What's a better alternative to the Nexgrill pizza oven?

For the most direct upgrade, the Ooni Koda 16 ($599) is our Best Overall, the same gas, 16-inch format with a published, Club-clearing 950°F. If you want gas value in a smaller body, the Solo Stove Pi Prime ($349) states ~850°F for less. And if you want foolproof even bakes, the Halo Versa 16 ($599) adds a rotating stone at a stated ~950°F. Compare all three against the Nexgrill before you decide, that's the whole point of this page.

What temperature does the Nexgrill Ora pizza oven reach?

Nexgrill doesn't publish a tested peak floor temperature for the Ora, which is a notable gap, and watch for any quoted figure that's an air or chamber temperature rather than a floor temp, since pizza is baked by the stone. As a 16-inch gas oven it can plausibly run hot, but without a measured floor figure we won't put a number on it. If a known, published temperature matters, the Ooni Koda 16 and Halo Versa 16 both state ~950°F.

Is Nexgrill a good pizza oven brand?

Nexgrill is best known for affordable gas grills, griddles, and outdoor cookers sold through big-box retailers, a solid grill pedigree, but not a dedicated pizza-oven specialist.
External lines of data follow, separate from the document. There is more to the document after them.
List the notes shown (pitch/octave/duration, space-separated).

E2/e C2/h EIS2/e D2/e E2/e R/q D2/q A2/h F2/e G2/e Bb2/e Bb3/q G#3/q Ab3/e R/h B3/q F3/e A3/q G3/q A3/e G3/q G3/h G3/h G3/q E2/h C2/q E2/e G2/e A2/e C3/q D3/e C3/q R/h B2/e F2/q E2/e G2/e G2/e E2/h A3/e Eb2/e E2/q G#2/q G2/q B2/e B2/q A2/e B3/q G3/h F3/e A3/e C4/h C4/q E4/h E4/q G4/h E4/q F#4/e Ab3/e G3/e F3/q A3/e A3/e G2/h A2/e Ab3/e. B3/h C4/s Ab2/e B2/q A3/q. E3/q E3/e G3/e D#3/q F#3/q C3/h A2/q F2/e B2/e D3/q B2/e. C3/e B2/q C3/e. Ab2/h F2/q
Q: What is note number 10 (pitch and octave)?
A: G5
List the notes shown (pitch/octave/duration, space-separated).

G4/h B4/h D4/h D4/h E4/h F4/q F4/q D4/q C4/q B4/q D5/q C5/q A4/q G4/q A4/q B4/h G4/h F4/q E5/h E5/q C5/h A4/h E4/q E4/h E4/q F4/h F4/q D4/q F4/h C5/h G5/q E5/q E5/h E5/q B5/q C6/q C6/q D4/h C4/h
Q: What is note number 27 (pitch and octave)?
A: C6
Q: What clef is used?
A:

That can mean a sturdy body and a reasonable price, but it also means thinner pizza-specific specs (no published floor temperature here) and fewer pizza accessories than a maker like Ooni or Halo. For a convenient backyard oven it can work; for a measured, supported pizza oven, the specialists are the safer bet.

Can the Nexgrill Ora make true Neapolitan pizza?

Possibly, but we can't confirm it. A true Neapolitan needs a ~900°F floor to char the crust in 60–90 seconds, and a 16-inch gas oven can reach that, but because Nexgrill publishes no tested floor temperature, there's no way to know whether the Ora's stone gets and holds that heat. If authentic Neapolitan is the goal, buy an oven with a published, Club-clearing number, like the Ooni Koda 16 (stated 950°F) or the Halo Versa 16 (stated ~950°F).

Nexgrill Ora vs. Ooni Koda 16, which should I buy?

They're the same format, gas, 16-inch, tabletop, so the real difference is proof and pedigree. The Koda 16 publishes a Club-clearing 950°F and comes from a dedicated pizza-oven brand with support and parts; the Ora is more familiar and may be cheaper, but publishes no floor temperature. Buy the Ora if brand familiarity and price are decisive and you'll accept an unstated temp; buy the Koda 16 if you want full-size gas pizza with a measured, repeatable number you can trust.